- Exercise aim
Beginning with the line of the entries below that holds "So, would you" and ending with the line that holds "The purpose of", transcribe each line exactly as written. Pictures stay out.

- The input
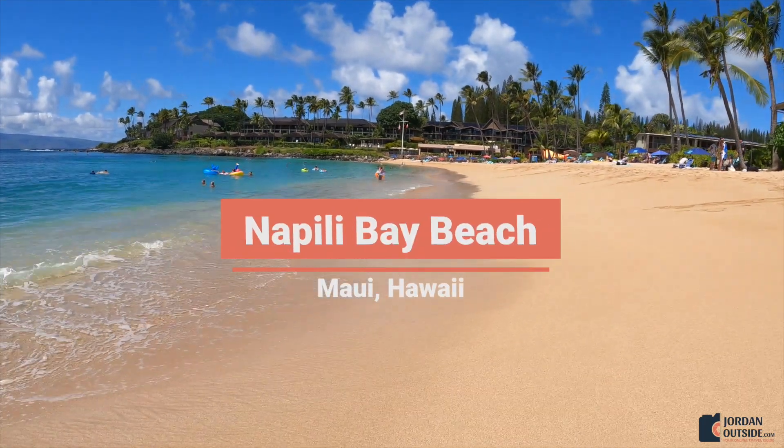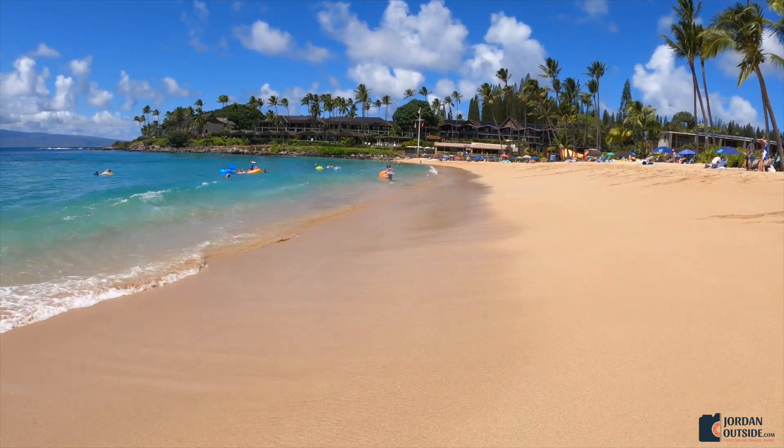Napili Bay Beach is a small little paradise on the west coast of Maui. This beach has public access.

---

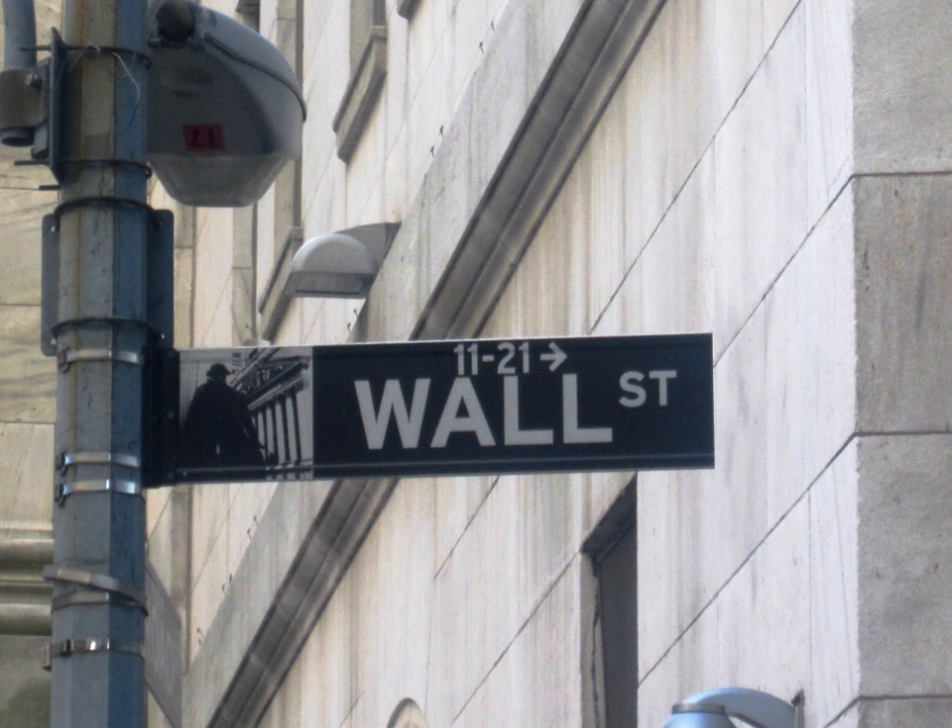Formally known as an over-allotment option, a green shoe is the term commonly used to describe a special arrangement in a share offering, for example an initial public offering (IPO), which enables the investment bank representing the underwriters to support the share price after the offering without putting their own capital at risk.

---

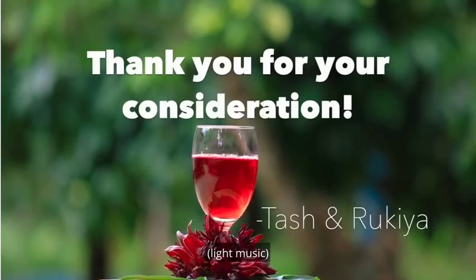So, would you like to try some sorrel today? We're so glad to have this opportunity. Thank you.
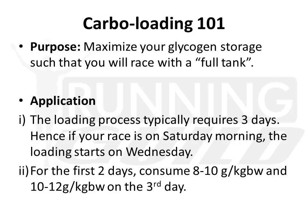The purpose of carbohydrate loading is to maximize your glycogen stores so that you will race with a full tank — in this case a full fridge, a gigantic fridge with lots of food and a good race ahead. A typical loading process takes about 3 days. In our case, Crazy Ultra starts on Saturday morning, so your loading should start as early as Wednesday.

- Result
So, would you like to try some sorrel today? We're so glad to have this opportunity. Thank you.
The purpose of carbohydrate loading is to maximize your glycogen stores so that you will race with a full tank — in this case a full fridge, a gigantic fridge with lots of food and a good race ahead. A typical loading process takes about 3 days. In our case, Crazy Ultra starts on Saturday morning, so your loading should start as early as Wednesday.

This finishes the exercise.